As discussed in my previous article, now, more than ever is, an important time to reach out to your clients and help them understand their alternatives. But for you, the advisor, it is important not to mistake the fear and concern in your clients' eyes for dollar signs. They are scared; and many clients may recall what it was like after the Great Depression, or have heard stories from friends or relatives who survived it. Others may just spend their days watching the stock market suck their hard-earned retirement funds dry. In either case, one thing is clear: Your clients are looking for assistance from someone who is qualified to help and understands how to do so.
That is where the psychology of market intelligence comes into play. Not familiar with the term? It means to understand and be proactive in determining the current and future needs and preferences of your marketplace. In short: to understand what your clients want now and for their future.
You're probably thinking, "That's what I do already." In essence, you're right. But to employ market intelligence means to delve a bit deeper; to get a better understanding of what leads your clients to make the choices and decisions that they do. It may sound a bit more difficult than it really is, but market intelligence (MI) is used in just about every aspect of advertising and marketing around. From the commonly known to the obscure, MI has had a hand in determining how that product or service is marketed and to whom.
For my purposes in this article, I'm going to talk about one of the most important components of MI: psychology. As mentioned, it's a scary time for retirees invested in the stock market and holding larger sums in banks. But this fear has been a long time coming; the demise of the sub-prime mortgage industry was the trigger to both the current stock market troubles and the banking failure scrambles. Your clients aren't clueless; they know what's going on. The media has grabbed this story and is running for the finish line. The concerns of your clients are based primarily on fear -- a very human emotion. But that emotion can also make us do things we wouldn't (or shouldn't) ordinarily do. As an advisor, it is your job to assuage those fears, and present your clients with other alternatives.
That's where your MI comes in to play: Listening to your clients' fears and having the answers to their difficult questions makes you the superlative person to offer advice on what their best course to follow is at this point. Now, I don't mean just listening to their desire for a strong, safe-and-sound source for their retirement dollars, I mean really listening to your client.
Try to understand what their fear has done to their sense of judgment when it comes to the future of their money. While your client may be telling you one thing out of that sense of fear, you, as a qualified advisor, may have a better option that provides your client the peace of mind they are searching for. By listening to the words your client is speaking, you will be better able to dissect their actual meaning. Subsequently, this process can lead you to a solution that will give your client just what they are looking for: stability and a sense of security. It may even lead you in a direction that you hadn't even considered before. Sure, the commissions may not be as attractive, but that's OK. Your clients' fear has vanished. At the end of the day, the fact that your customer is happy should always outweigh the potential for a huge commission. In your case, if that's not correct, you may be in the wrong line of business -- especially at this volatile time with emotions running so high.

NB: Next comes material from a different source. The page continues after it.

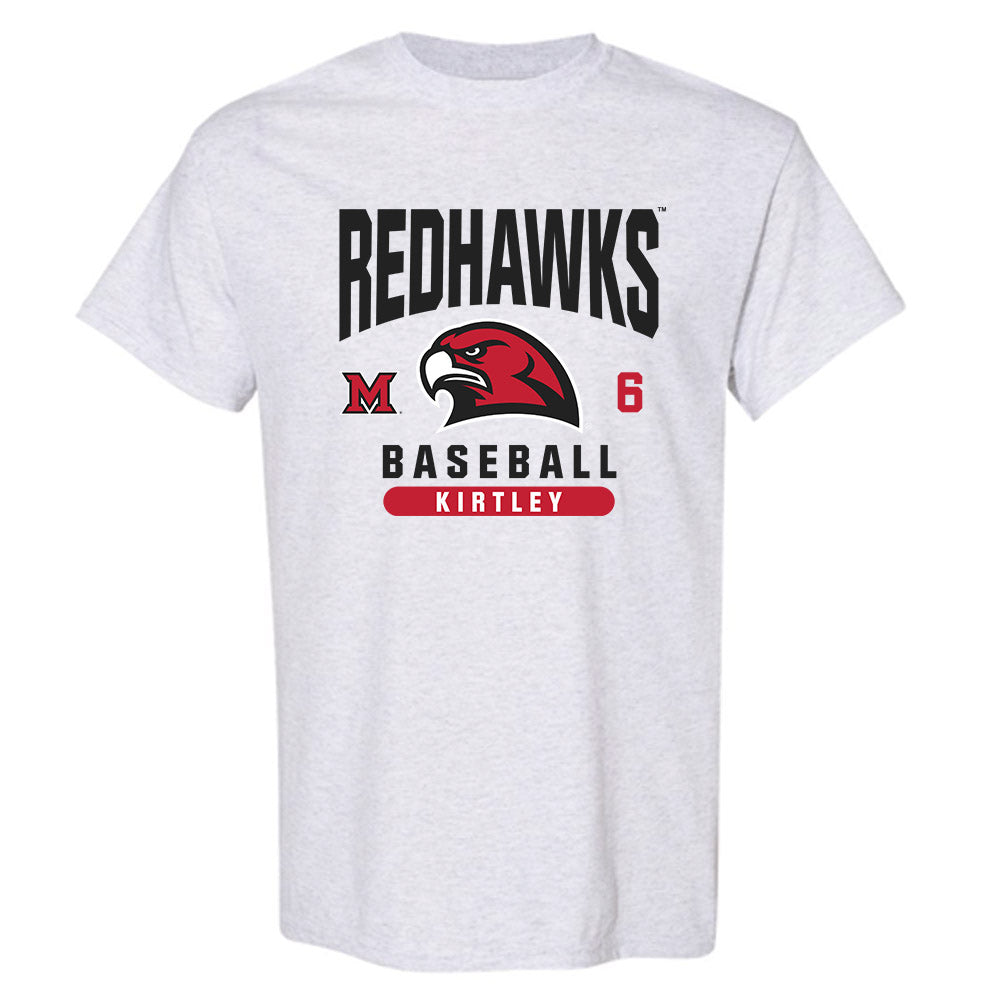 Miami of Ohio - NCAA Baseball : Ryder Kirtley - Classic Fashion Shersey T-Shirt-0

By introducing MI into your business, you have the potential for a better understanding of what it is your market wants instead of spending money on a plan your market doesn't want. As I mentioned before, it doesn't take a great deal of work to better understand your market, just a bit of research. By simply spending some time at your computer doing a bit of desk research, you can begin to discover more than you thought possible about the marketplace you are trying to reach.
Desk research is what professional researchers use to track down useful, existing pre-published information (also known as secondary research). Many companies use this method to discover the efforts of their competitors, or to get a better understanding of their current market trends. You and your business can benefit in the same way. By doing desk research, you can obtain a lot of information without spending a lot of money on market surveys and research from a private source.
Our country is in an economic crisis. Depending on who you talk to, some say it's worse than others. That is why it is so important to those of us in this industry to blaze a trail of recovery for those scared individuals. Offer them the safe haven that you know exists. Someone's financial future and peace of mind depends on it.